I migranti del Mattei scesi in piazza nelle scorse settimane a Bologna avevano chiesto tempo. Tempo per trovare una sistemazione dopo i provvedimenti di espulsione dal CAS, che prevedevano appena cinque giorni per lasciare il centro. Tempo che la Prefettura non aveva voluto dare, ma che i migranti si sono presi lo stesso scendendo in piazza e denunciando le terribili condizioni di vita dentro al centro.
La gran parte di loro nei giorni scorsi ha trovato un posto dove andare a vivere. Il tempo però non è stato sufficiente per tutti. Alla fine della scorsa settimana due migranti si sono trovati le loro valigie alla porta, mentre nel frattempo al Mattei è stato attivato un servizio di identificazione per evitare ‘ospiti abusivi’, come li chiama la Prefettura. Il tempo è scaduto, evidentemente, ed è scaduto anche perché il Comune di soluzioni non ne ha trovate. Il tempo conquistato dai migranti non è bastato al Comune per trovare pochi posti letto. Quando cinque dei migranti espulsi si sono recati al Servizio Protezioni Internazionali dell’ASP, in colloqui individuali si sono sentiti dire che non c’era alcuna sistemazione disponibile, che avrebbero dovuto rivolgersi a dormitori o strutture assistenziali per la notte – una presa in giro per chi normalmente di notte lavora all’Interporto – oppure a un ostello a 50 euro a notte. D’accordo con la Prefettura, avevano soltanto l’indicazione di “concedere” il domicilio negli stessi uffici comunali. Questa è la risposta della città più progressista!
Il risultato è stato che la gran parte dei migranti ha dovuto affrontare il muro del razzismo dei proprietari di casa e del costo degli affitti trovando in autonomia un posto per dormire. Uno di loro dorme però all’aperto, mentre l’help center del Comune non ha altro da offrirgli se non un laconico “non abbiamo posti”. Di fronte al razzismo sfacciato della Prefettura, il Comune non ha proposto alcuna alternativa. Nulla di sorprendente, se consideriamo che i patti sulla sicurezza firmati con il ministro Piantedosi meritano il plauso pubblico del Sindaco che però non ha nulla da dire pubblicamente o da fare amministrativamente contro regole razziste che sbattono i migranti fuori dall’accoglienza se il loro salario supera le 5 mila euro l’anno. Evidentemente l’antirazzismo del Comune è quello delle simboliche cittadinanze alle seconde generazioni e delle reali espulsioni dall’accoglienza, delle promesse ancora non mantenute dei bus per i migranti che rischiano la vita andando ogni notte a lavorare all’interporto in bici o in manopattino.

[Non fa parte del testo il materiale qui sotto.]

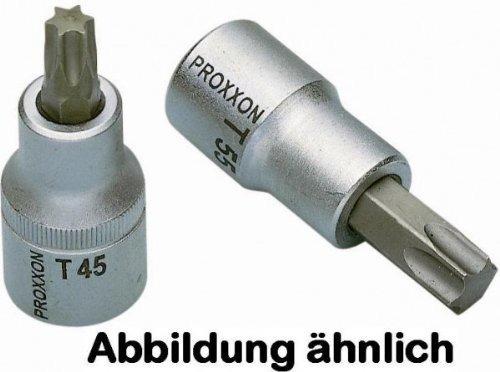 Image du produit Proxxon Insert TX 3/8" T 10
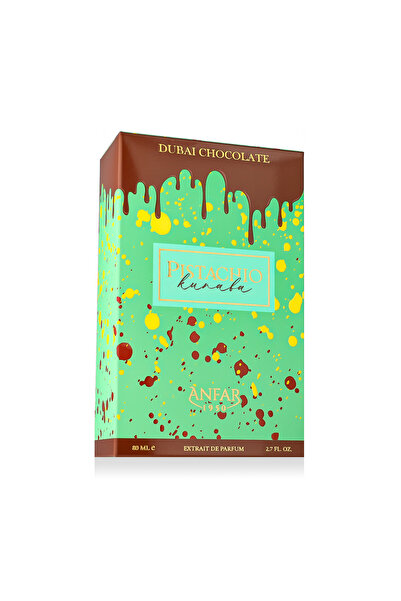 Anfar 1950 Pistachio Kunafa Extrait de parfum 80 ml (unisex)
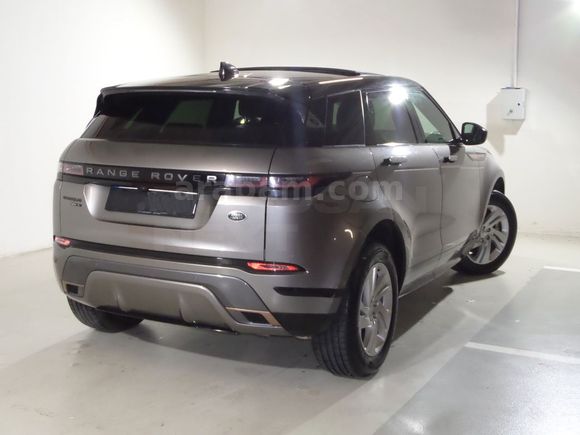 KK12TK_2020_RANGE_EVOQUE_55.000KM_BAYİ_İLKEL_MUAYENEYENİ_HİBRİT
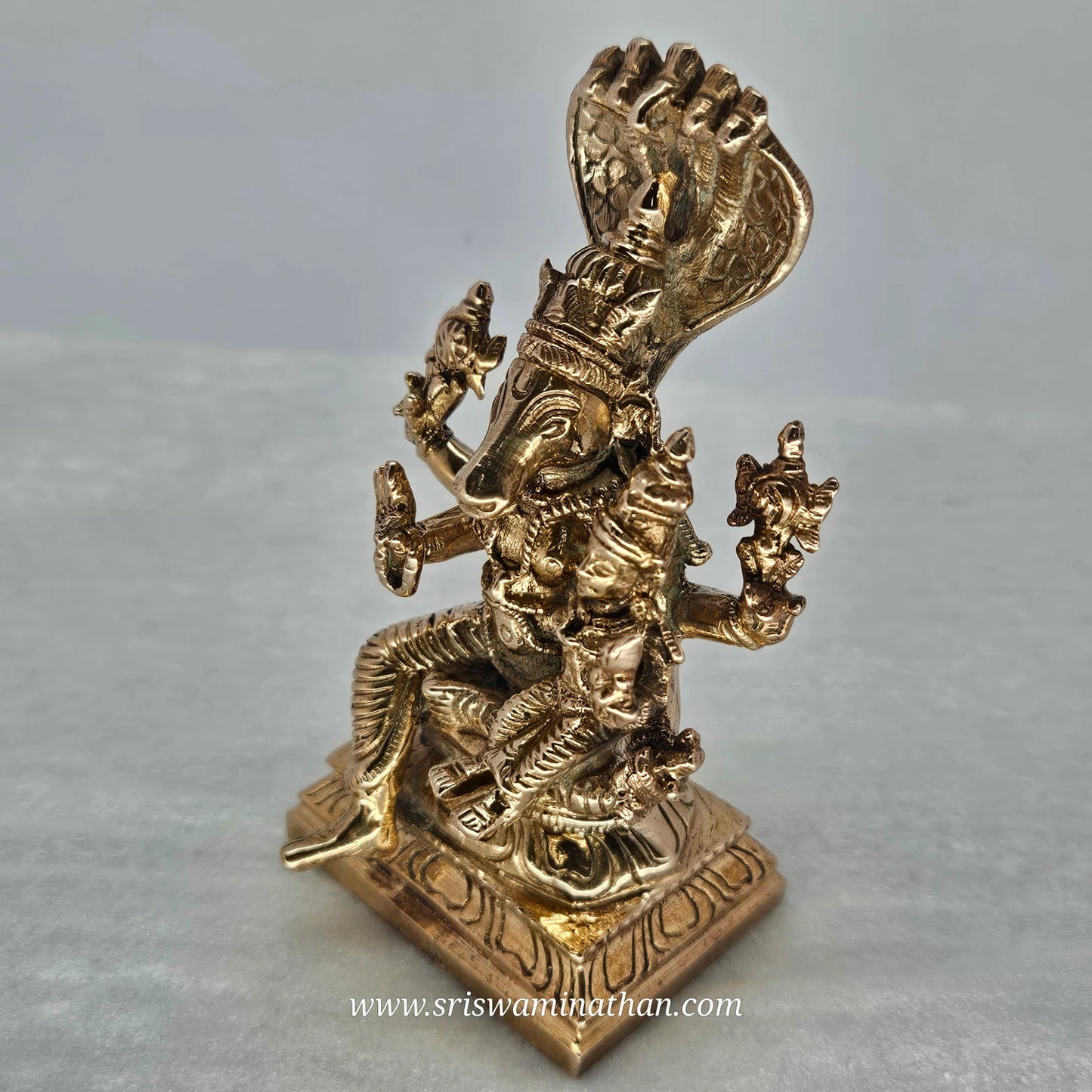 Lakshmi Hayagreevar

Rimane però la lotta ostinata dei migranti, che hanno strappato alla macchina del razzismo istituzionale non solo il tempo, ma anche la possibilità di avere la residenza, nonostante il Comune abbia da tempo smesso di dare la residenza fittizia ai migranti che giungono a Bologna e si trovano senza una casa. Senza questa conquista il rinnovo del permesso del soggiorno sarebbe diventato un ostacolo insormontabile. Documenti precari, accoglienza e case che mancano, mentre di sfruttamento ce n’è a non finire: a Bologna come altrove, è sempre la stessa la storia delle donne e degli uomini migranti. Di fronte a queste istituzioni e contro le loro politiche, i migranti continuano a lottare con le loro forze e mostrano anche che qualcosa si può ottenere. Qualcosa però non basta. Serve qualcosa di più. Serve che le lotte delle e dei migranti non restino da sole.